• RECORD EXTRACTS:
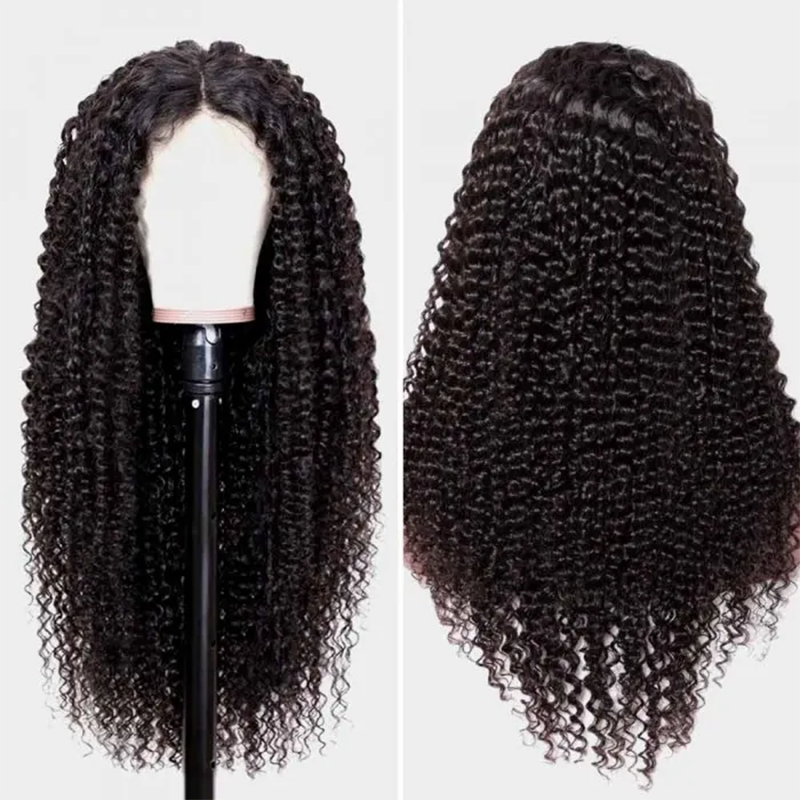 Reddish Brown Kinky Curly Wig Synthetic Lace Front Wigs Pre Plucked With Baby Hair Lace Closure Wig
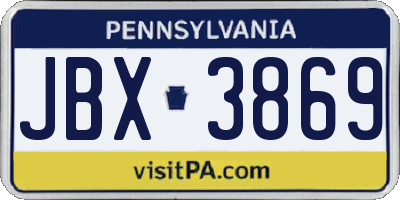 PA license plate JBX3869
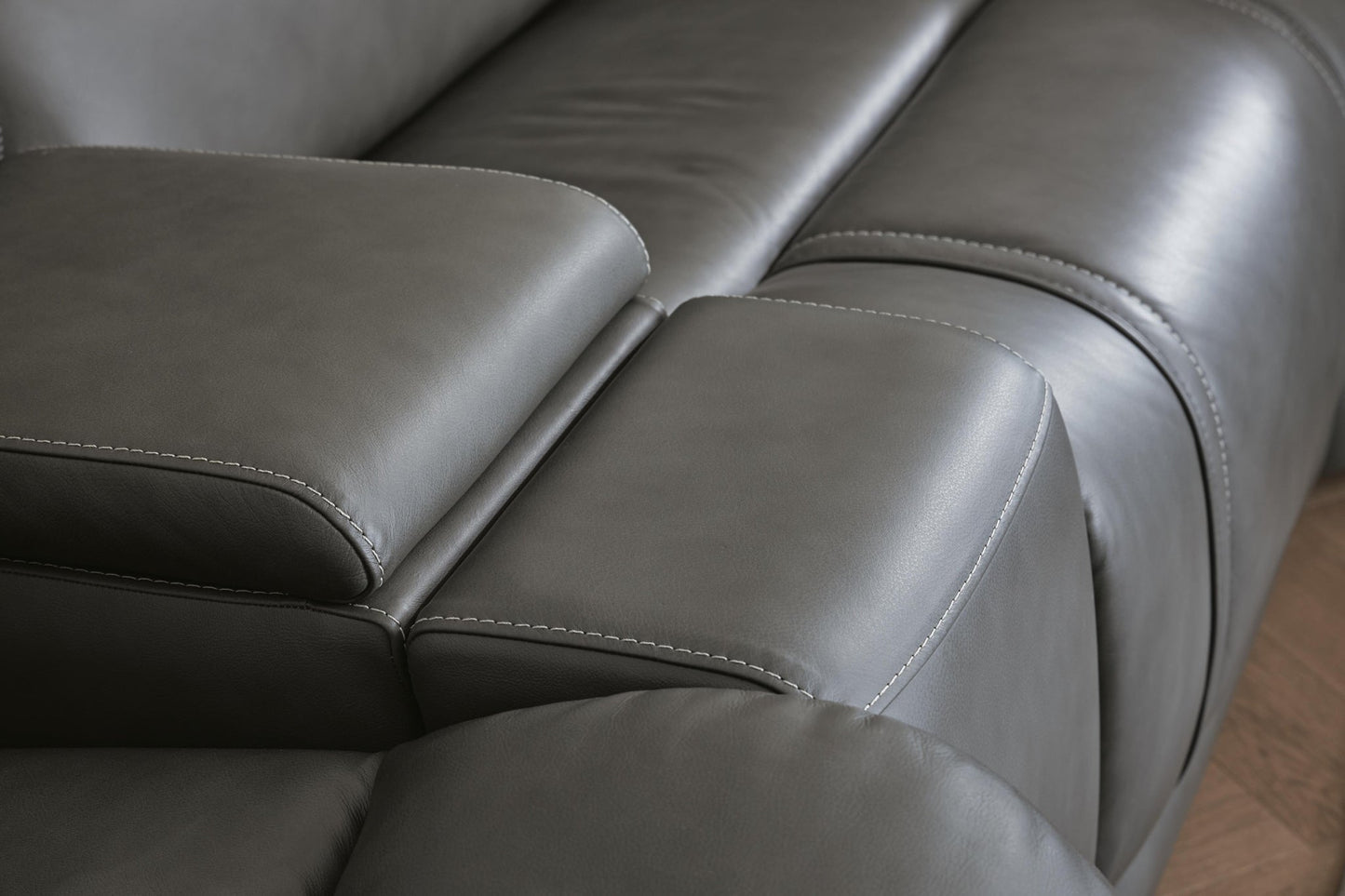 5Z - Sofá seccional reclinable eléctrico de 3 piezas Pittson con consola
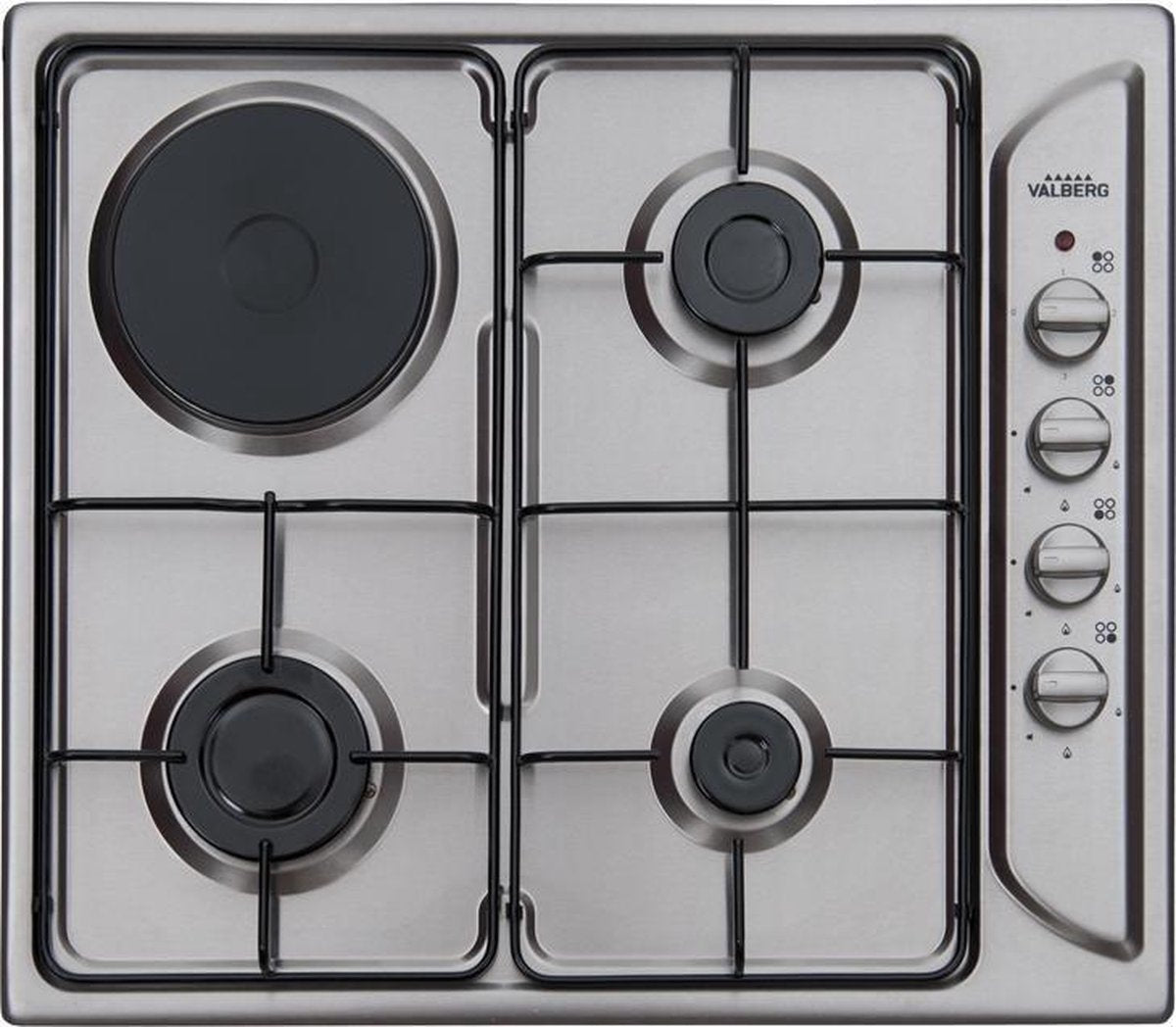 VALBERG BY ELECTRO DEPOT - TM 4 X EUT -  Combinatie Kookplaat (3x gas - 1x elektrisch ) - inox - inbouw
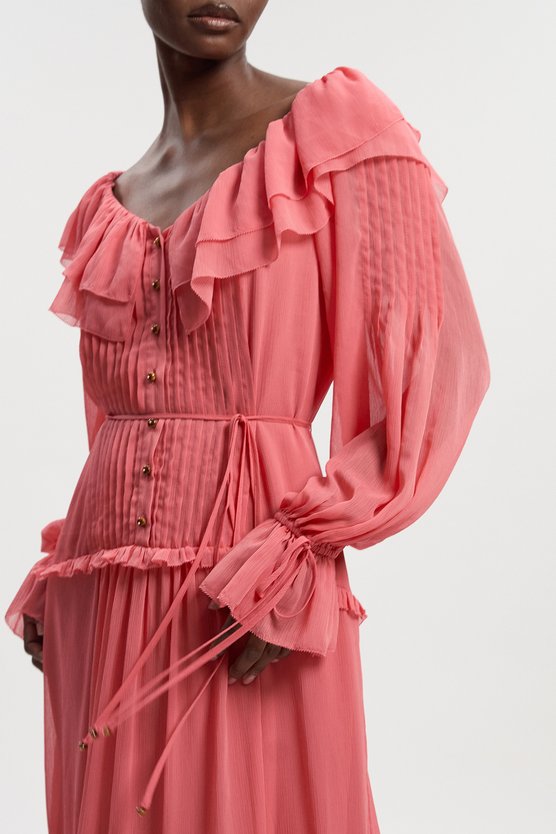 Karen Millen Petite Georgette Ruffle Woven Maxi Dress Coral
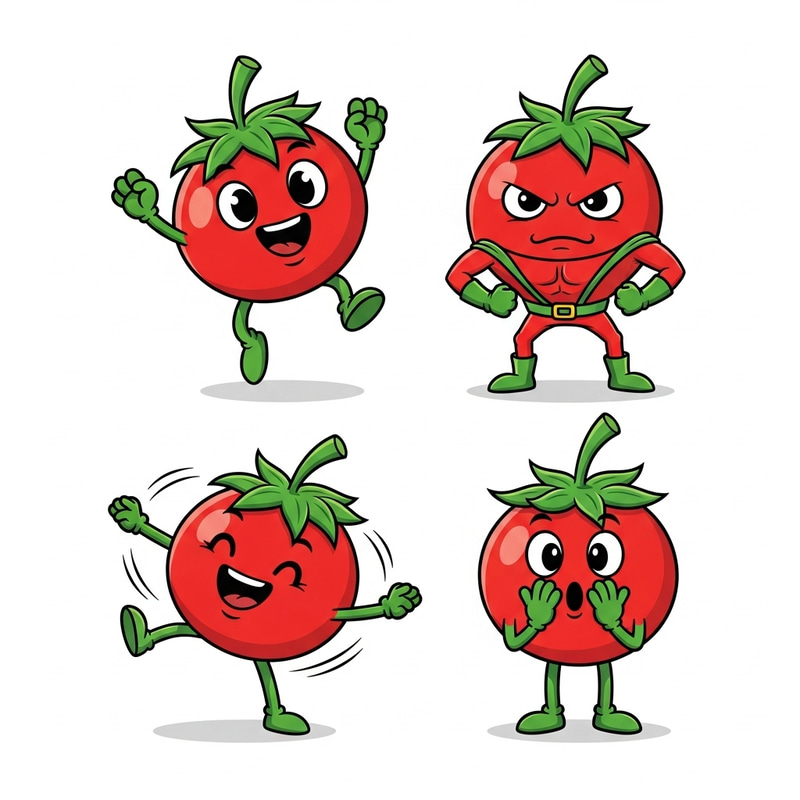 Adorable Cartoon Tomato Character Poses | Vector Drawing
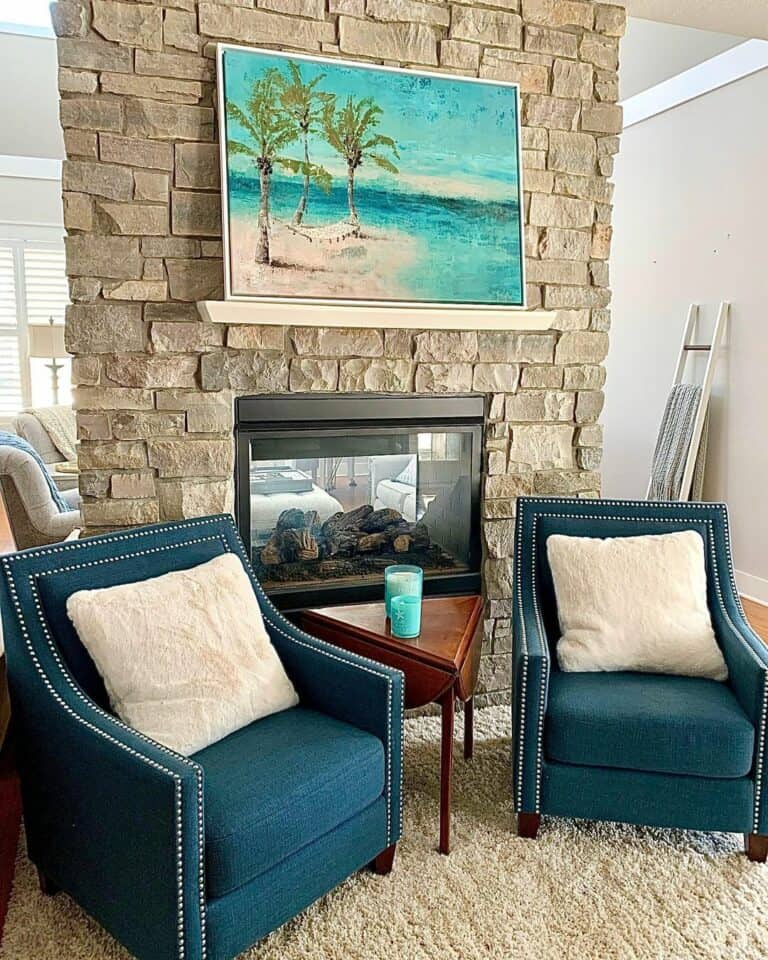 Studded Teal Chairs for Fireplace Seating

• TASK DIRECTIONS:
Output every entry exactly, leaving out pictures.

• ANSWER TO THIS PROBLEM:
 Reddish Brown Kinky Curly Wig Synthetic Lace Front Wigs Pre Plucked With Baby Hair Lace Closure Wig
 PA license plate JBX3869
 5Z - Sofá seccional reclinable eléctrico de 3 piezas Pittson con consola
 VALBERG BY ELECTRO DEPOT - TM 4 X EUT -  Combinatie Kookplaat (3x gas - 1x elektrisch ) - inox - inbouw
 Karen Millen Petite Georgette Ruffle Woven Maxi Dress Coral
 Adorable Cartoon Tomato Character Poses | Vector Drawing
 Studded Teal Chairs for Fireplace Seating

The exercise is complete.